START Extracted data

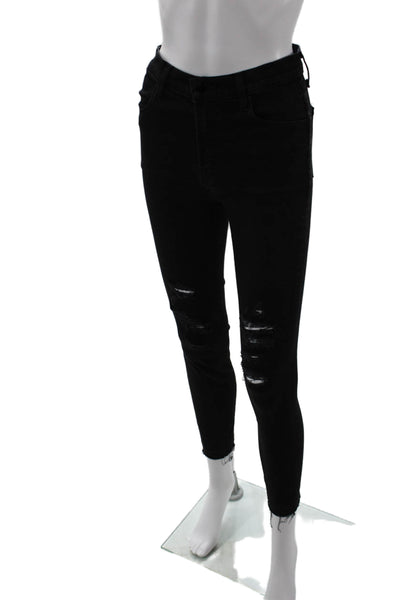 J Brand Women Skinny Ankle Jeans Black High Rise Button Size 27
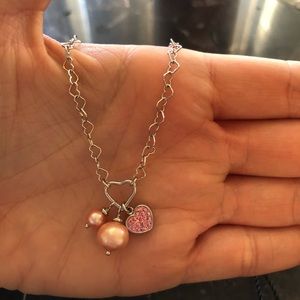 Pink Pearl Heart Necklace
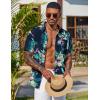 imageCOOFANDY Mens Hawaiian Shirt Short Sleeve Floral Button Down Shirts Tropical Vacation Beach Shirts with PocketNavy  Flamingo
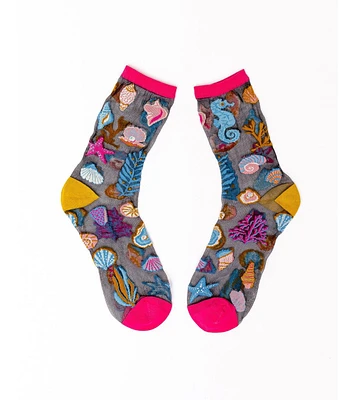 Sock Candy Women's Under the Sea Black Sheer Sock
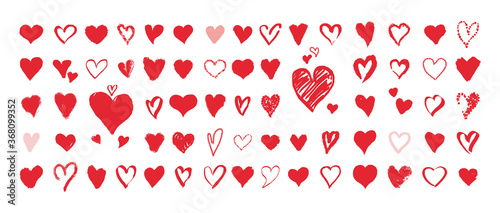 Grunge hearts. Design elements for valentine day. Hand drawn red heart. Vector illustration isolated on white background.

END Extracted data

The records, exactly as written but without images, should be returned.

 J Brand Women Skinny Ankle Jeans Black High Rise Button Size 27
 Pink Pearl Heart Necklace
 imageCOOFANDY Mens Hawaiian Shirt Short Sleeve Floral Button Down Shirts Tropical Vacation Beach Shirts with PocketNavy  Flamingo
 Sock Candy Women's Under the Sea Black Sheer Sock
 Grunge hearts. Design elements for valentine day. Hand drawn red heart. Vector illustration isolated on white background.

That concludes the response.